Data extract:
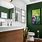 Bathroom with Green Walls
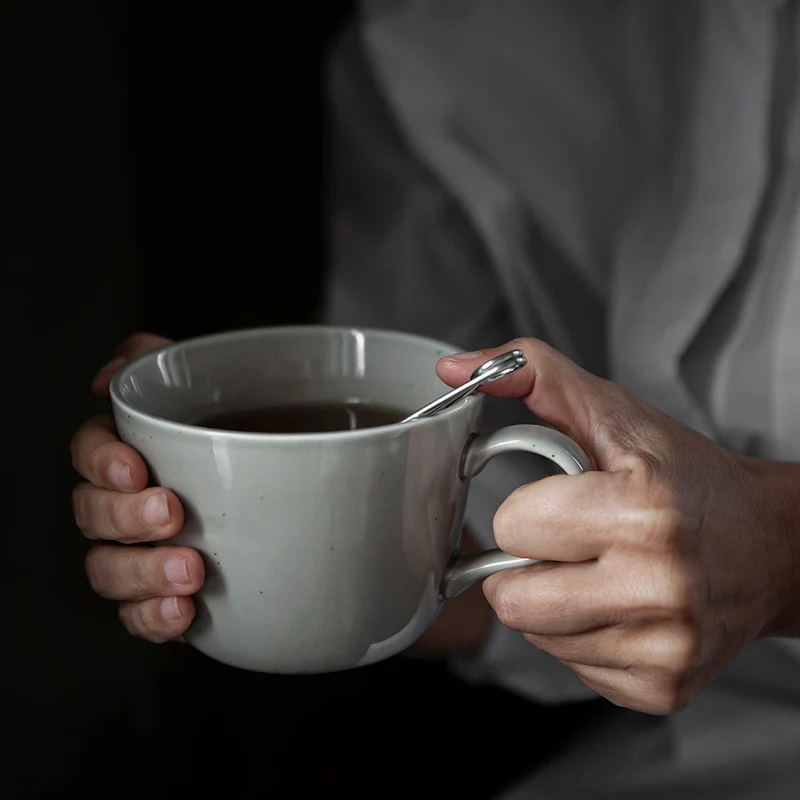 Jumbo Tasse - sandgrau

* * *

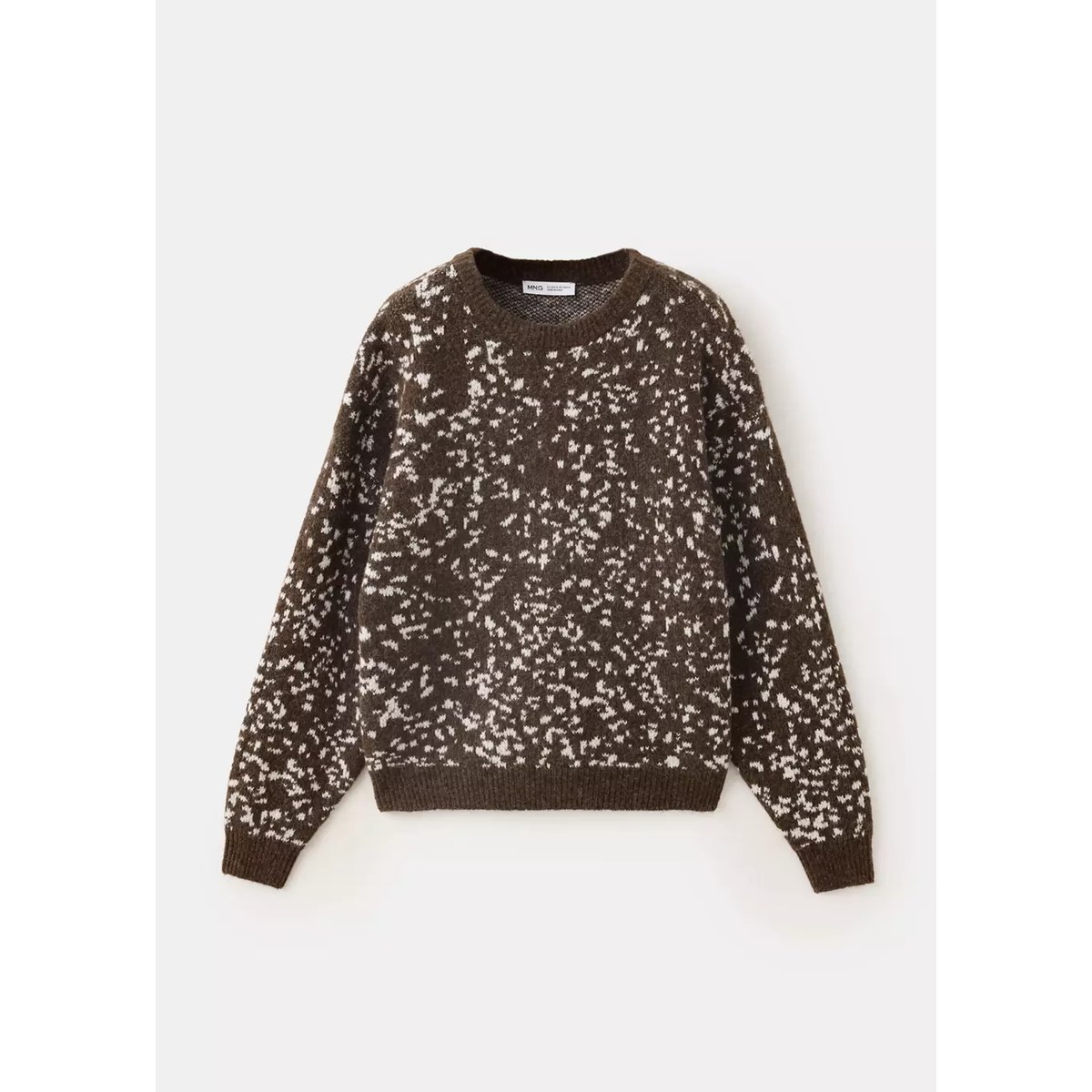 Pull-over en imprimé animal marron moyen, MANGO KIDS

Exercise brief: Nothing but the lines from the one with "Bathroom with Green Walls" up to and including the one with "Jumbo Tasse - sandgrau" should be printed, exactly as they read above. Please keep the pictures out.

Written answer:
 Bathroom with Green Walls
 Jumbo Tasse - sandgrau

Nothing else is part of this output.